Jerry Davich: POW’s diary closer to home, thanks to you
Jerry Davich firstname.lastname@example.org May 28, 2012 8:56PM
Rev. Gary Nagy is hoping to track down the family of WWII POW Doyle Waggoner of Shreveport, LA who used a prisoner of war food package to record addresses and recipes on scraps of paper and paper bags during his captivity. The book is displayed at Trinity Lutheran Church in Hobart, Ind. Wednesday May 9, 2012. | Stephanie Dowell~Sun-Times Media
Updated: May 29, 2012 2:54PM
Thanks to a few Post-Tribune readers, the decades-old diary of a World War II prisoner of war is closer to its rightful home.
“You got done in three days what I have tried over 10 years,” said Pastor Gary Nagy of Trinity Lutheran Church in Hobart. “This was the right time and the right place with the right people. It’s remarkable.”
Last Monday’s column chronicled the sad story of Doyle Waggoner, a U.S. Navy seaman who was a POW in the Philippines. The Shreveport, La., man was tortured to death by Japanese soldiers for stealing rice, according to news accounts.

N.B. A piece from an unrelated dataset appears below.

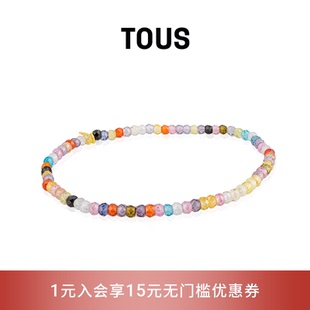 桃絲熊18K金多巴胺小眾設(shè)計小熊彩石手鏈?zhǔn)执?TOUS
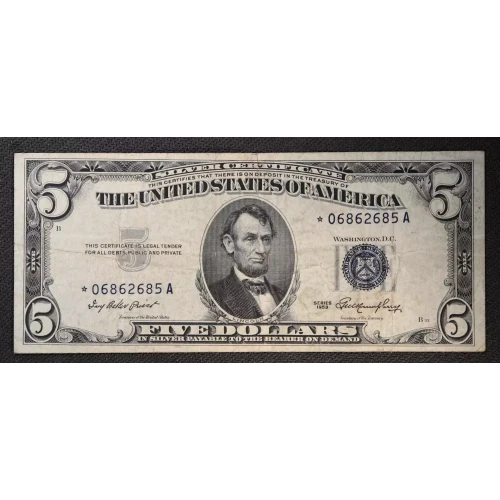 $5 1953 blue seal. Small Silver Certificates 1655*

But more gruesome details of his captivity and death were unearthed by a handful of P-T readers, including local librarians and military history buffs.
Linda Herrick Swisher, public information coordinator at the Hammond Public Library, immediately jumped on this complicated genealogy project. So did Liz Thomas, a retired librarian and member of Trinity Lutheran.
I also contacted a fellow newspaper journalist in Shreveport who has joined in the search for Waggoner’s family there, so someone can sign off to donate his diary to a museum.
“In our Dec. 9, 1941, newspaper, we ran a photo of Doyle Waggoner and some family info, but I can’t find his parents here,” said John Andrew Prime, local desk editor at the Shreveport Times. “He’s buried in Arlington National Cemetery so I emailed a friend who works there to get a reburial date.”
Waggoner was reportedly cremated in 1945, but his remains were apparently buried at Arlington in 1948.
Waggoner’s makeshift diary is made from a cardboard box and brown paper bag pages, strung together with leftover string and a thread of hope. It’s filled with page after page of hand-etched recipes for meals that he dreamed of eating while being held captive.
“(Waggoner) went a bit mental and used to raid the cook house at night for food,” states a witness affidavit after the war ended. “He had tried to commit suicide by cutting his throat but did not succeed.”
Waggoner was beaten and tortured, then tossed in a cell for several days.
After the 10th day, “He was lying on the bed covered in human dung and soaked with urine. He was trying to get water that was coming through a (hole) in the roof. His reasoning was entirely gone.”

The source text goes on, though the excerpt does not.